Connecting the Dots - OtOMO編
このエントリは以下の2つにわけました。
Connecting the Dotsは、スティーブ・ジョブスがスタンフォード大学の2005年の卒業式でおこなったスピーチの中に出てくる有名な格言です。
You can’t connect the dots looking forward; you can only connect them looking backwards. So you have to trust that the dots will somehow connect in your future.

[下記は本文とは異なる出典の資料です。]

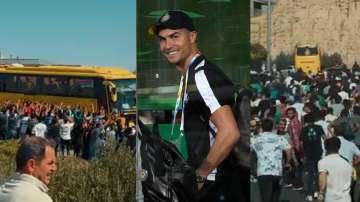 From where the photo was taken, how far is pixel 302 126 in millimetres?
5762

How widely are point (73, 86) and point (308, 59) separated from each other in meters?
26.2

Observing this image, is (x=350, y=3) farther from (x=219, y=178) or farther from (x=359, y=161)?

「未来をみこして点をつなぐことはできない。未来になってから過去をさかのぼってでしかそれらをつなぐことはできない。だから、われわれにできることは、未来になってからそれらの点がつながるということを信じることしかない」ということなのですが、目の前のことを、これは役に立つだろうか?自分にとって得なのだろうか?と考えるよりも、やりたいこと好きなことを一生懸命やれば、それが未来につながる、ということを教えてくれる言葉です。
2005年から遡ること約35年、パーソナル・コンピューターの父と言われるアラン・ケイはゼロックス社のパロアルト研究所の設立に参加、彼が提唱する理想端末「ダイナブック」を当時の技術で実現したAltoの上で、ユーザーが自らプログラミングできるSmaltalk環境を動作させてみせた。これを見学する機会を得たスティーブ・ジョブスがそのアイデアを取り入れ、LisaおよびMacintoshを開発したと言われている。

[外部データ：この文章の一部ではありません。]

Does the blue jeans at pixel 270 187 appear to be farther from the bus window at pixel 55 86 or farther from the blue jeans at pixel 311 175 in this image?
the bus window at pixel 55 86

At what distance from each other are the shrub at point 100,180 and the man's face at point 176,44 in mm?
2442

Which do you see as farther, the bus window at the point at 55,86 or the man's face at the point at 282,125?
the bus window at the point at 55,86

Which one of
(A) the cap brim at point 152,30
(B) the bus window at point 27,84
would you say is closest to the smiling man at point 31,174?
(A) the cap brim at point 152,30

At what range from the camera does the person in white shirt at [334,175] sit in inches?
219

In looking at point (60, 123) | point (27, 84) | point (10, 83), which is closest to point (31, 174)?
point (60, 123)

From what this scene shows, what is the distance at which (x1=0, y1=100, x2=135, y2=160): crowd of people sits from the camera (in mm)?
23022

アラン・ケイが開発したSmaltalkを使ってシステム開発の仕事を手がけていた阿部和広氏は、2001年来日したアラン・ケイと出会い、「Smaltalkがこどものために教育のために生まれてきた」ということを知ります。以来教育の道を歩み、アラン・ケイがプロジェクトマネージャーの一人を務めていた2002年、2003年の未踏プロジェクトに参加、 アラン・ケイが手がけていた教育用のSmaltalk環境であるSqueak、およびその考えを引き継ぐScratchの日本での普及に大きく貢献します。阿部氏の活動の中のひとつに、当時月一でおこなわれていたOtOMOでのプログラミングワークショップがありました。
- パーソナルコンピュータ「Dynabook」は誰のために作られた?──アラン・ケイが言いたかったこと(阿部和広氏に聞く:前編)
- 「目的を言うと、理想はダメになる」──プログラミング教育で大切なこと(阿部和広氏に聞く:後編)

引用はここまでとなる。